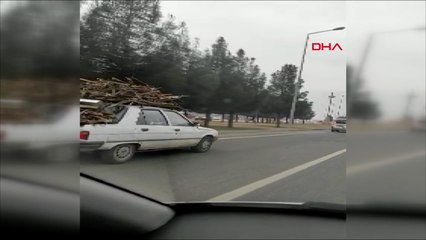 Bagajı ve tavanı odun yüklü otomobille tehlikeli yolculuk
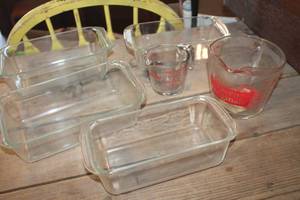 lot 4466 image: Pyrex Loaf Pans and More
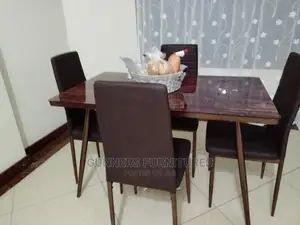 Dining Table Set.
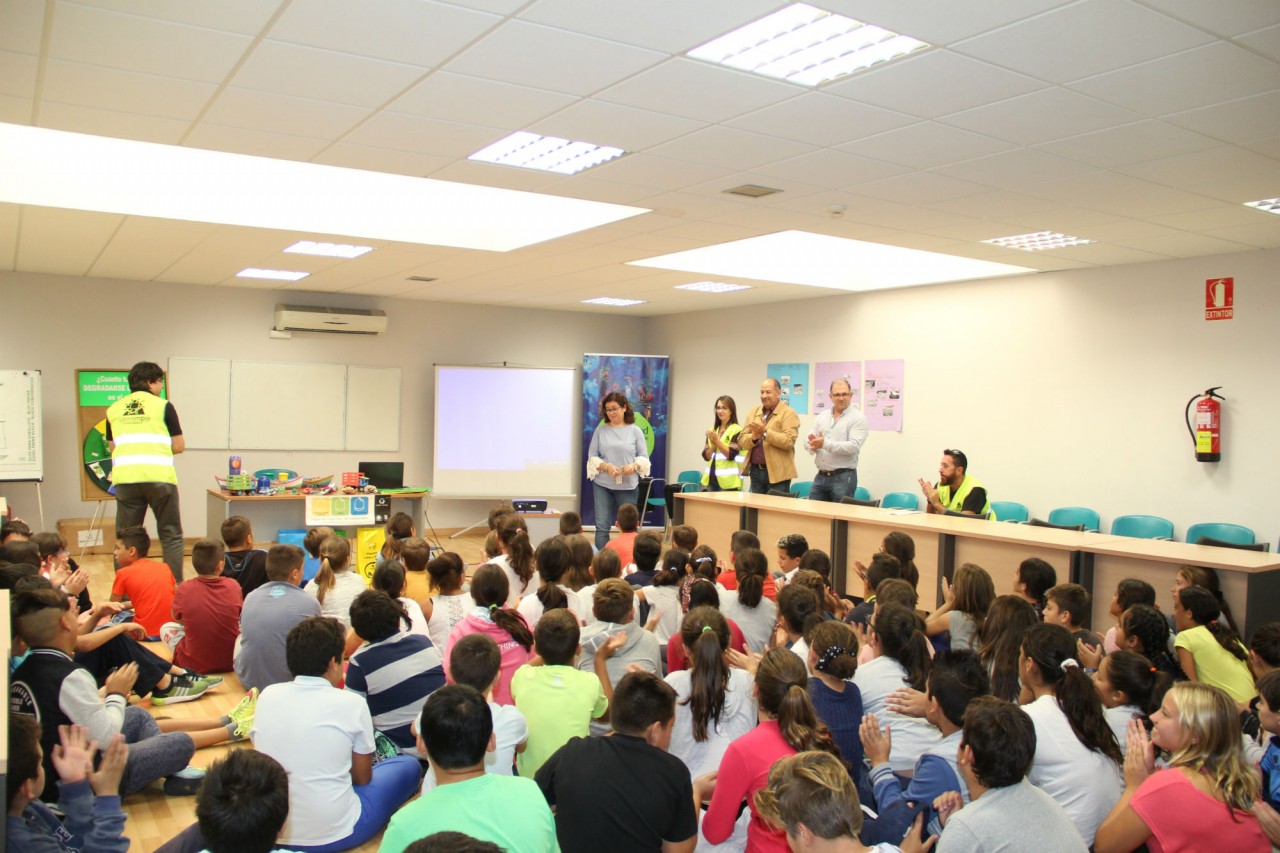 Un centenar de escolares visita las instalaciones de la empresa concesionaria de limpieza y residuos de Adeje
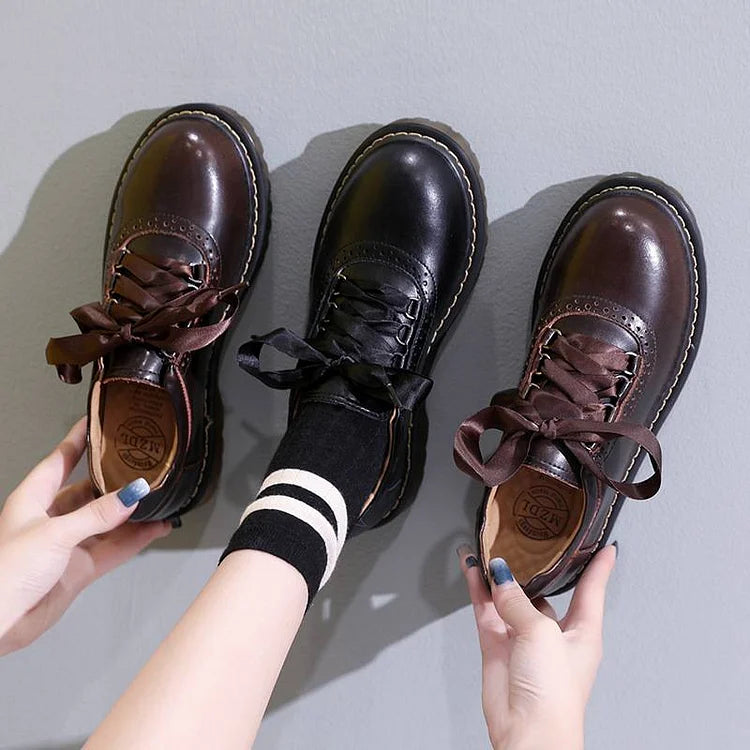 Comemore™ | Women’s Retro Lace-Up Oxfords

----------------

_PROBLEM:_ What's needed is every line above, retyped exactly and free of pictures.

_WRITTEN SOLUTION:_
 Bagajı ve tavanı odun yüklü otomobille tehlikeli yolculuk
 lot 4466 image: Pyrex Loaf Pans and More
 Dining Table Set.
 Un centenar de escolares visita las instalaciones de la empresa concesionaria de limpieza y residuos de Adeje
 Comemore™ | Women’s Retro Lace-Up Oxfords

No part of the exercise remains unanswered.